I call this problem meta-labeling because we want to build a secondary ML model that learns how to use a primary exogenous model.

The ML algorithm will be trained to decide whether to take the bet or pass, a purely binary prediction. When the predicted label is 1, we can use the probability of this secondary prediction to derive the size of the bet, where the side (sign) of the position has been set by the primary model.

Meta-Labeling User Guide¶

Binary classification problems present a trade-off between type-I errors (false positives) and type-II errors (false negatives). In general, increasing the true positive rate of a binary classifier will tend to increase its false positive rate. The receiver operating characteristic (ROC) curve of a binary classifier measures the cost of increasing the true positive rate, in terms of accepting higher false positive rates.
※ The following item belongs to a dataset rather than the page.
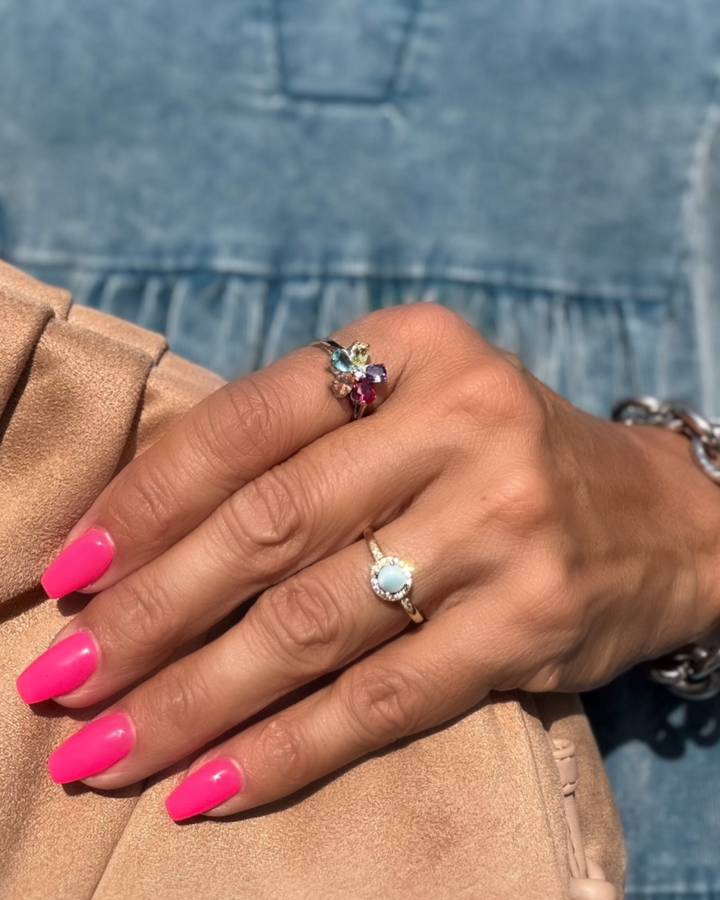 Stainless steel ring with multi-colored gemstone cluster in floral design, delicate band and vibrant finish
The image illustrates the so-called “confusion matrix.” On a set of observations, there are items that exhibit a condition (positives, left rectangle), and items that do not exhibit a condition (negative, right rectangle). A binary classifier predicts that some items exhibit the condition (ellipse), where the TP area contains the true positives and the TN area contains the true negatives. This leads to two kinds of errors: false positives (FP) and false negatives (FN). “Precision” is the ratio between the TP area and the area in the ellipse. “Recall” is the ratio between the TP area and the area in the left rectangle. This notion of recall (aka true positive rate) is in the context of classification problems, the analogous to “power” in the context of hypothesis testing. “Accuracy” is the sum of the TP and TN areas divided by the overall set of items (square). In general, decreasing the FP area comes at a cost of increasing the FN area, because higher precision typically means fewer calls, hence lower recall. Still, there is some combination of precision and recall that maximizes the overall efficiency of the classifier. The F1-score measures the efficiency of a classifier as the harmonic average between precision and recall.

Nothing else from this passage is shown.